> **TASK TO COMPLETE**
Given the entries below, would you transcribe exactly the lines starting at the one with "kwmobile Schlüsseltasche Autoschlüssel" and ending at the one with "铝合金济碗柜家简易用橱柜厨房储物柜经型YTK餐不锈钢碗柜边柜茶", both kept, pictures omitted, nothing extra?
*** RECORDS PROVIDED ***
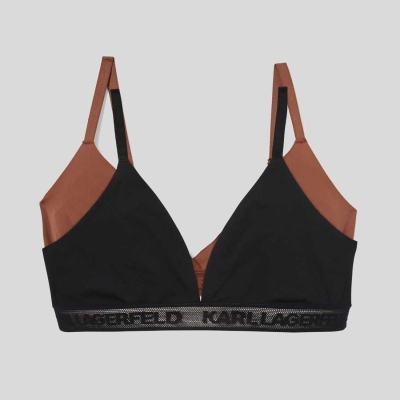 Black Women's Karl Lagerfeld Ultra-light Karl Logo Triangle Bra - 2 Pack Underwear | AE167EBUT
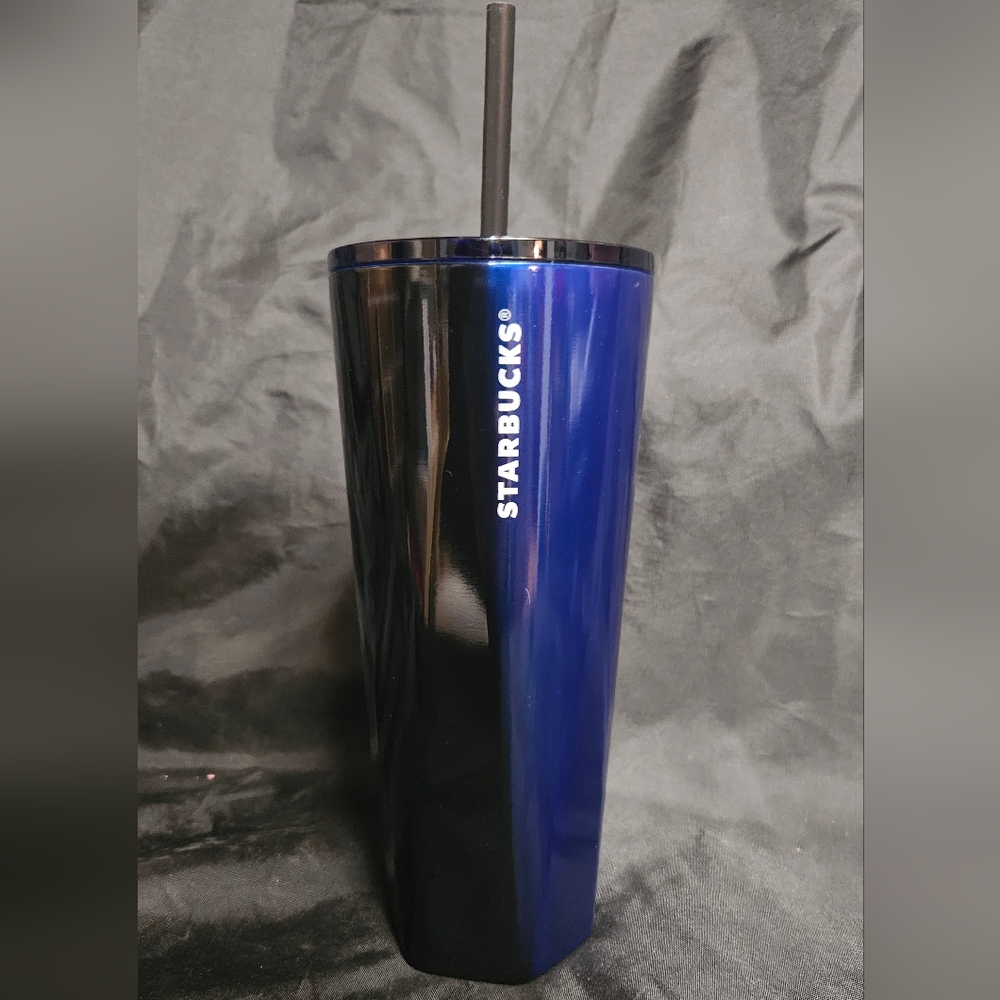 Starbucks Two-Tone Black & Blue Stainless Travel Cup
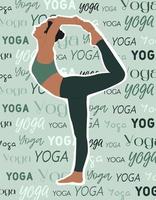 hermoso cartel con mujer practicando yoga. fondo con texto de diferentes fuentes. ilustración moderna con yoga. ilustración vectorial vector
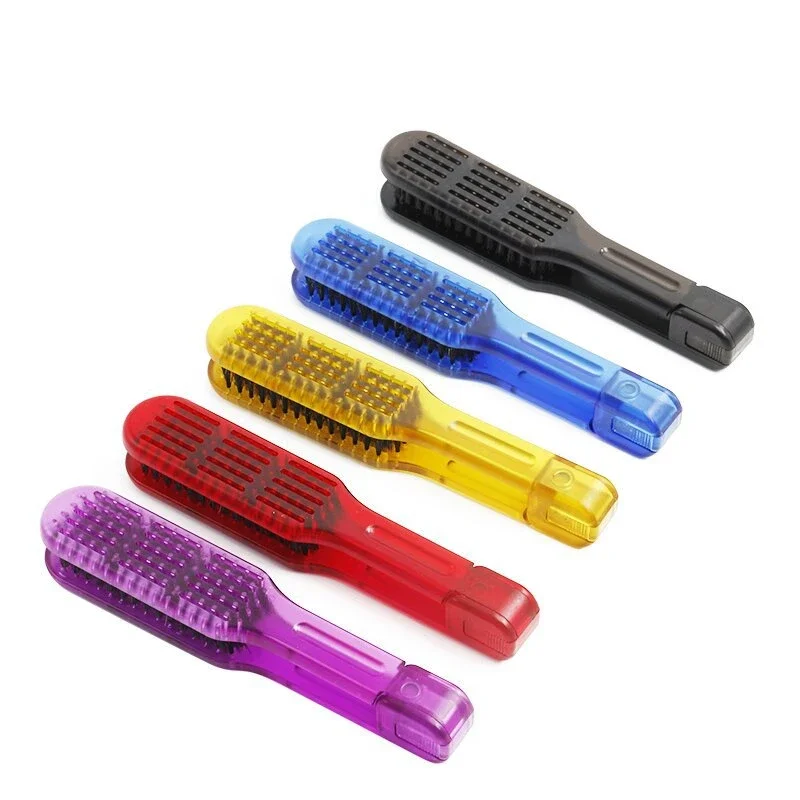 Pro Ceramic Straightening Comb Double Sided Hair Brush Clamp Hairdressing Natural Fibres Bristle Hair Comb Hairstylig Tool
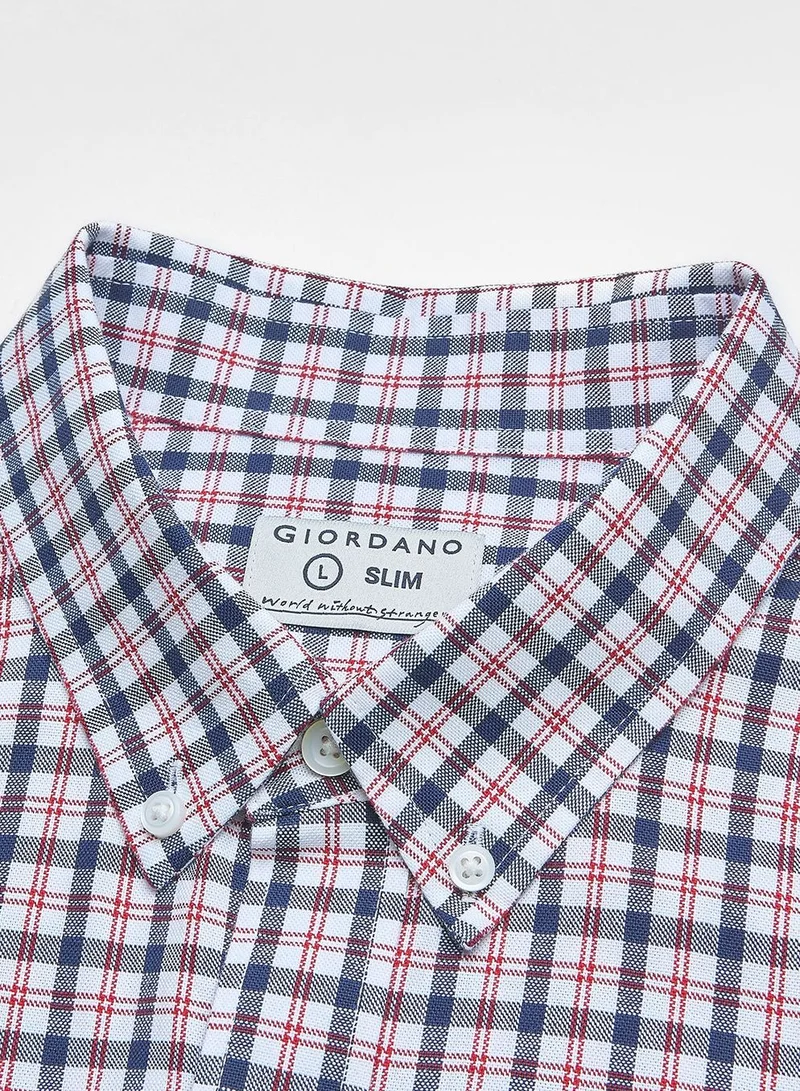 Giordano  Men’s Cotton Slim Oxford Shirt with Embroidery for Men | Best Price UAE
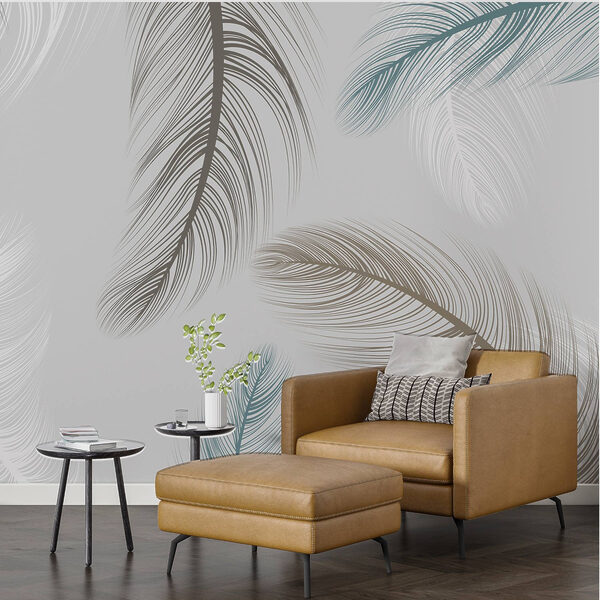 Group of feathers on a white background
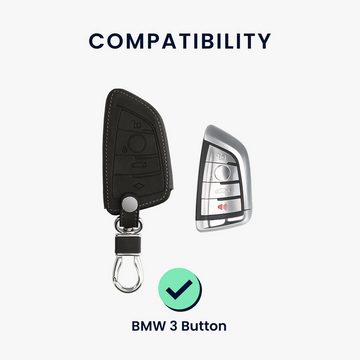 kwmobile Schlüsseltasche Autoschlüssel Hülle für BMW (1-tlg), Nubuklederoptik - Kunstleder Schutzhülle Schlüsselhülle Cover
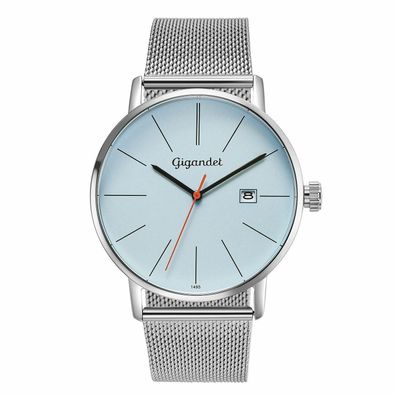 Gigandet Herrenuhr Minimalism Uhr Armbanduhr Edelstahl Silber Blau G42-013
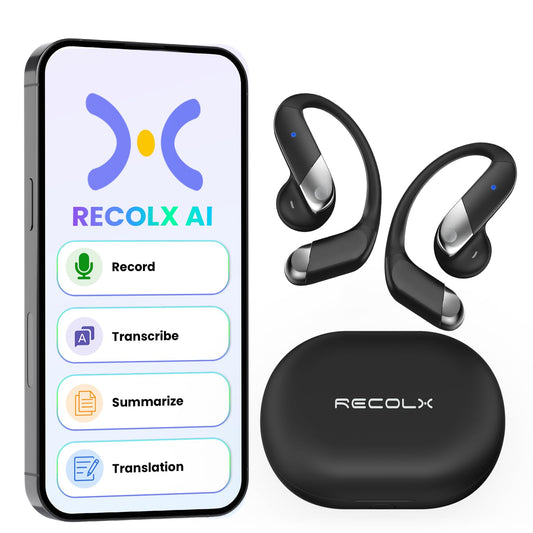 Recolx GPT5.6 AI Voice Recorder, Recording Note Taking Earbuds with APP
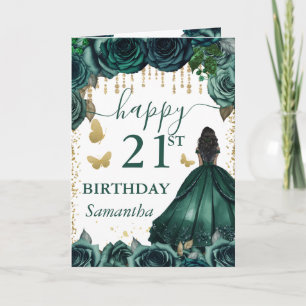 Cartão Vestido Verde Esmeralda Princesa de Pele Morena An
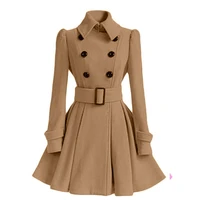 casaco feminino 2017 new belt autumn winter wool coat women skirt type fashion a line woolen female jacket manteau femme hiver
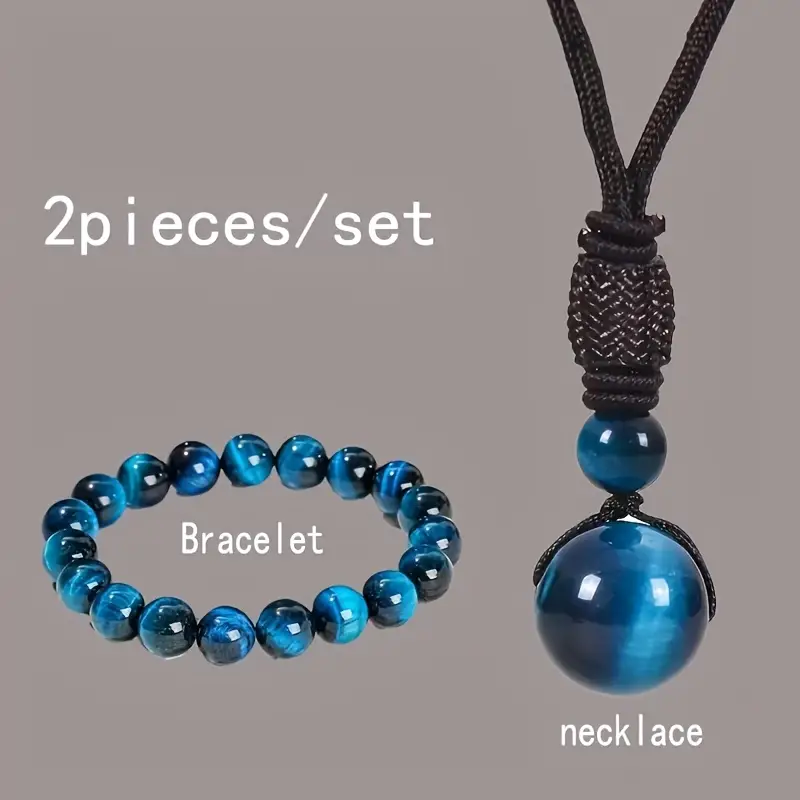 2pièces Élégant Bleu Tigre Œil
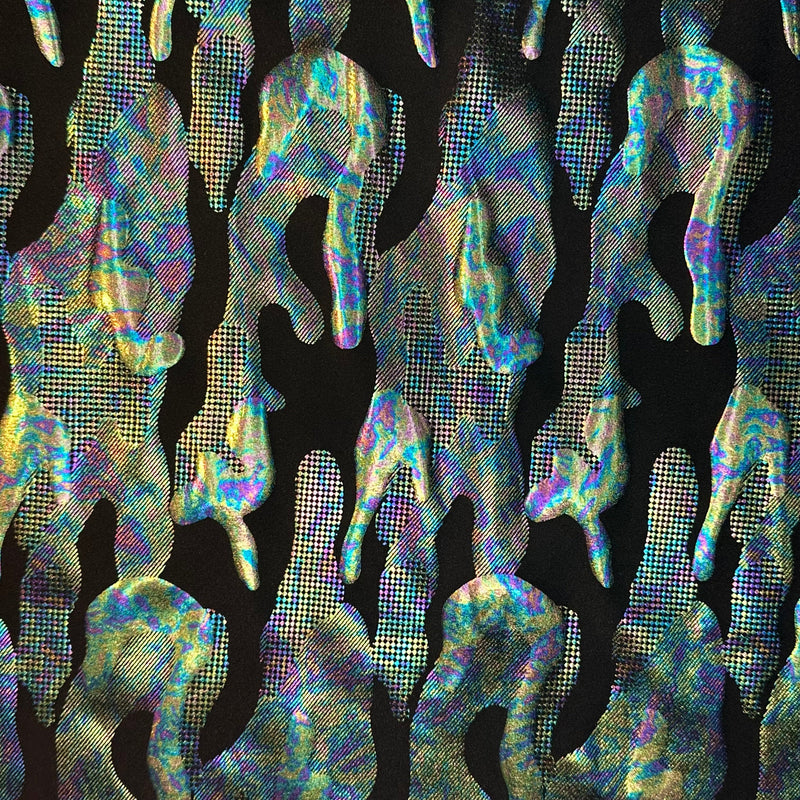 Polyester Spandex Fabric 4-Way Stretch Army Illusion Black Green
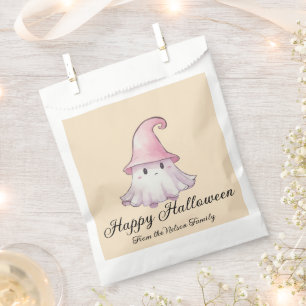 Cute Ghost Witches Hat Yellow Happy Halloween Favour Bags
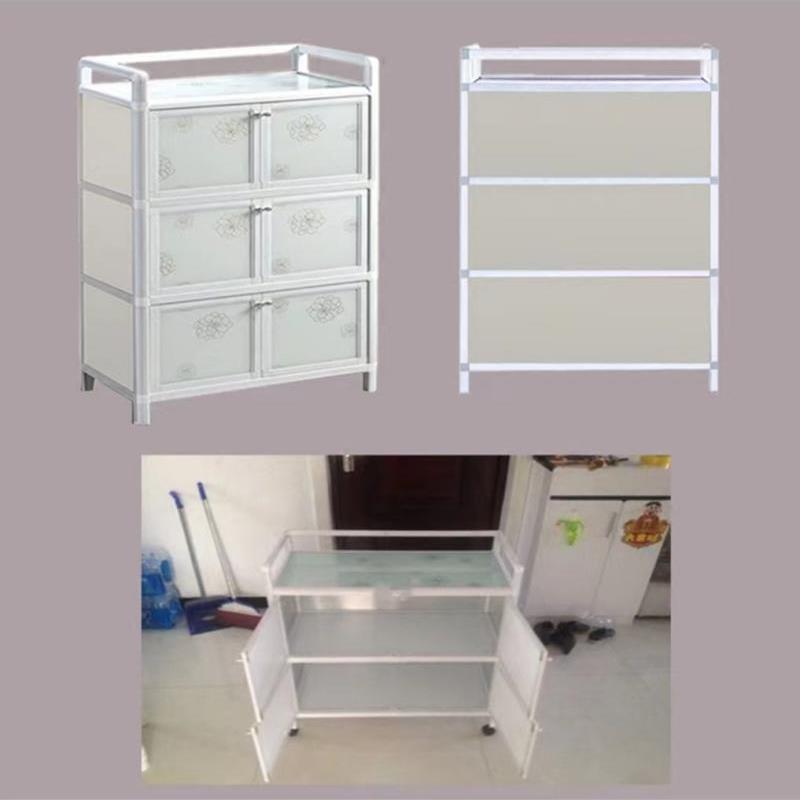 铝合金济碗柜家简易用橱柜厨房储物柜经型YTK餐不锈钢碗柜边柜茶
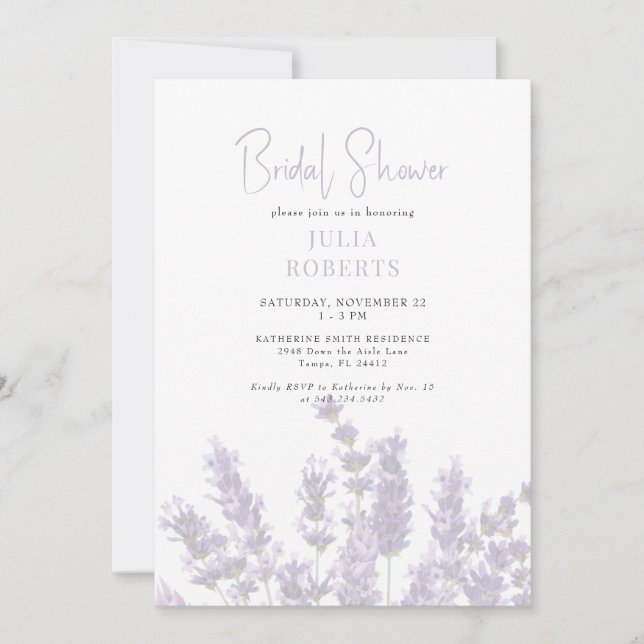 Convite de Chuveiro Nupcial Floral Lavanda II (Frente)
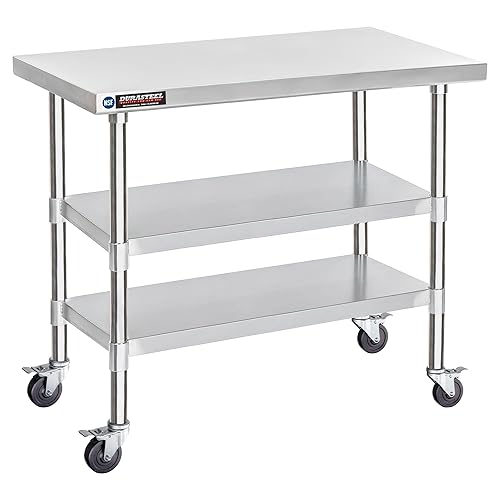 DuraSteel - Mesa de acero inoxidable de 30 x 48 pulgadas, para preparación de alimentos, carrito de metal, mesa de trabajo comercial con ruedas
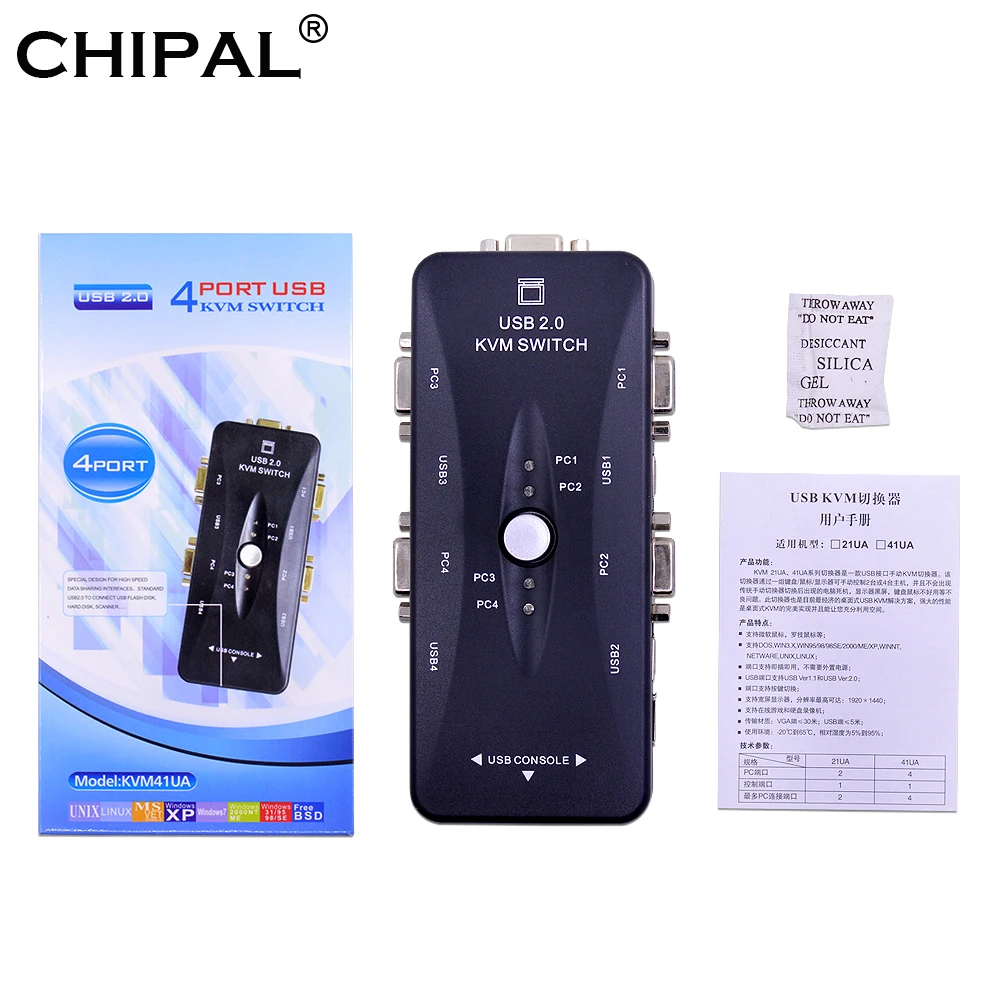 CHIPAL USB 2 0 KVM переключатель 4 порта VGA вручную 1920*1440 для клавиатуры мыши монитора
*** End of RECORDS PROVIDED ***
> **EXERCISE RESULT**
 kwmobile Schlüsseltasche Autoschlüssel Hülle für BMW (1-tlg), Nubuklederoptik - Kunstleder Schutzhülle Schlüsselhülle Cover
 Gigandet Herrenuhr Minimalism Uhr Armbanduhr Edelstahl Silber Blau G42-013
 Recolx GPT5.6 AI Voice Recorder, Recording Note Taking Earbuds with APP
 Cartão Vestido Verde Esmeralda Princesa de Pele Morena An
 casaco feminino 2017 new belt autumn winter wool coat women skirt type fashion a line woolen female jacket manteau femme hiver
 2pièces Élégant Bleu Tigre Œil
 Polyester Spandex Fabric 4-Way Stretch Army Illusion Black Green
 Cute Ghost Witches Hat Yellow Happy Halloween Favour Bags
 铝合金济碗柜家简易用橱柜厨房储物柜经型YTK餐不锈钢碗柜边柜茶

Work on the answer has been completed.